Hi Theodoros,
In data Monday 22 February 2016 17:55:24, Theodoros Theodoropoulos ha scritto:
> I'm about to add a few hundred thousand scanned pdf pages WITH OCR into
> one of my 1.2.x Invenio installations and I was wondering if anyone has
> been using SOLR for fulltext indexing in production.
> The reason I'm a bit skeptical is because even the latest master for
> Invenio 1.x branch uses the same old solr-3.1.0 from 2011...
> It's been a while since I last tested this feature (and although it
> worked back then for a few demo records) indexing words from almost a
> million PDF pages is something different :)
> So I could really use your feedback and suggestions, if you have any!
>
> (N.B. I suppose elasticsearch will excel in such work cases, but
> upgrading to 2.x or even 3.x is out of the question for the time being...)
>
> Kind regards,
> Theodoros Theodoropoulos
>
> ps.
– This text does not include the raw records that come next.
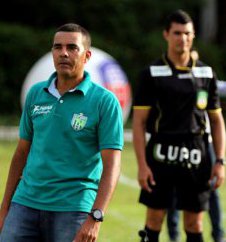 Baiano: Apesar de derrota, técnico elogia campanha do Vitória da Conquista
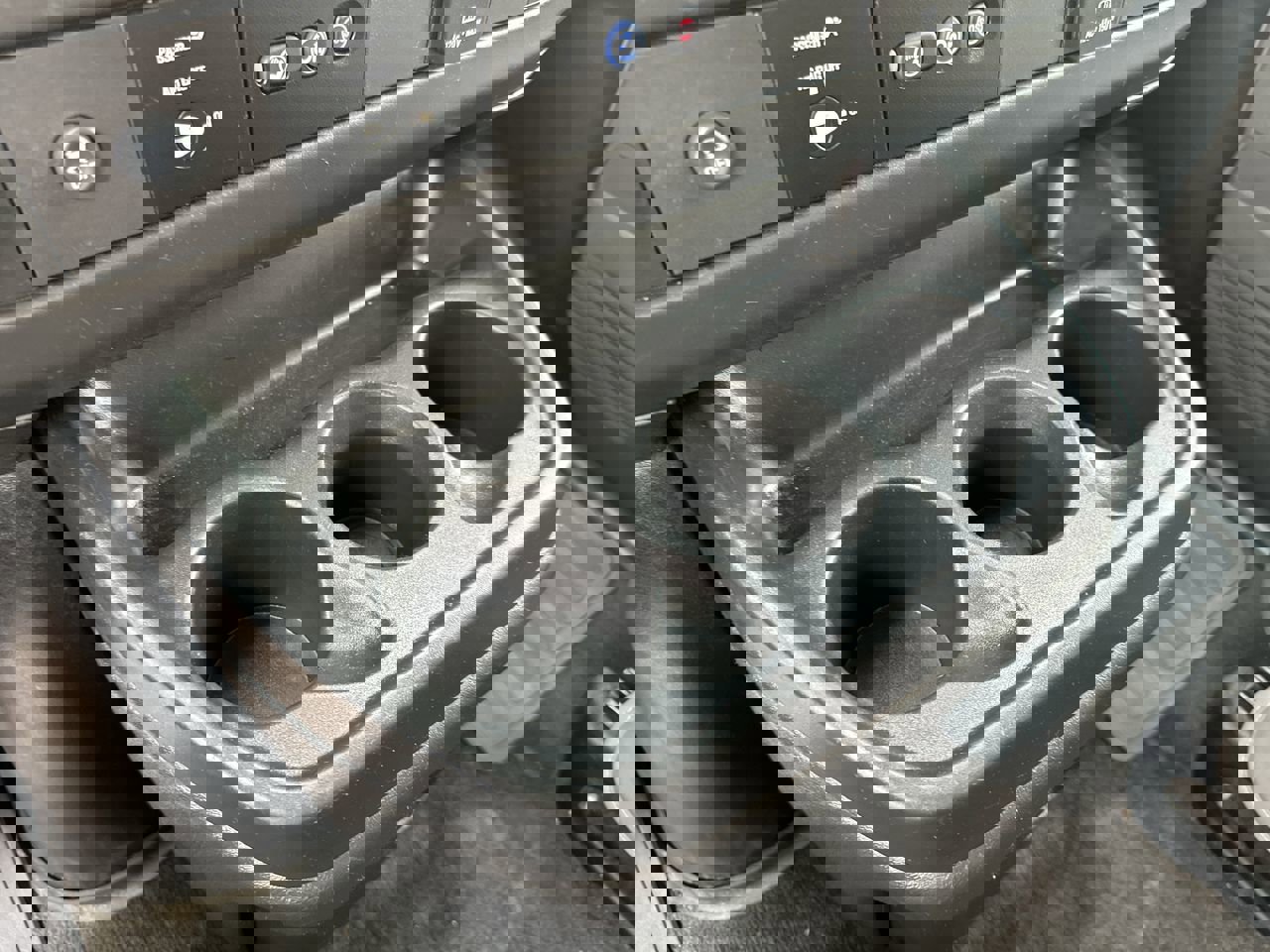 Used 2017 GMC Savana 2500 LT w/ LT Preferred Equipment Group image 20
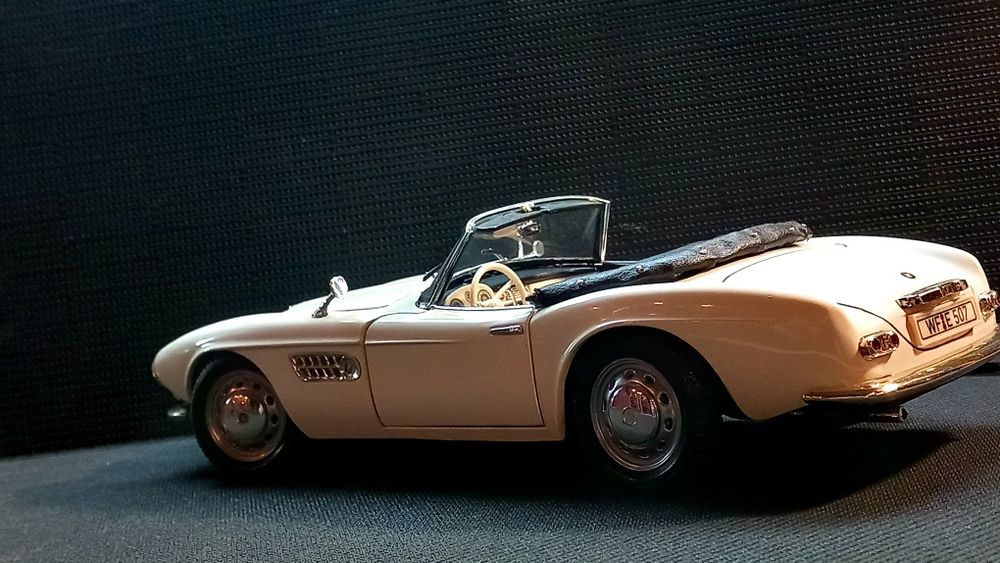 Revell BMW 507 1/18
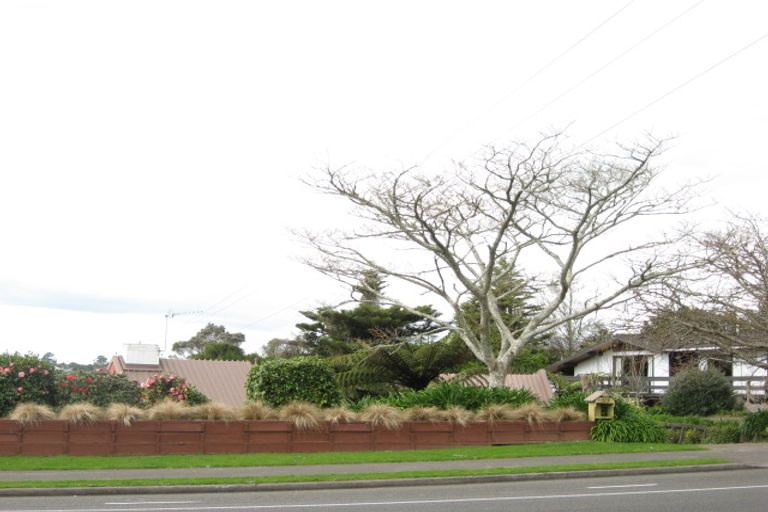 Photo of property in 319 Mangorei Road, Merrilands, New Plymouth, 4312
FYI, my lame attempt to compile the provided java classes with
> java-1.7 (using the appropriate new classpaths) in order to hook it up
> to the latest solr-4.10.x has been a disaster... If anyone succeed in
> this please come forward!
Solr integration is indeed unmantained. In INSPIRE and CDS we use exactly the
implementation based on Invenio 1.2.x (on SLC6/RHEL6/CentOS6) which is based
on Solr 3. For us it works in a basic way just to index fulltext files. (we
have no major issue in terms of performance: nearly 600K full text files
indexed on a single node machine for nearly 200GB of disk space used.
Indeed Invenio 2/3 is fully based on ES for its very indexing core.
Cheers!
Sam
--
Samuele Kaplun
INSPIRE Service Manager ** <http://inspirehep.net/>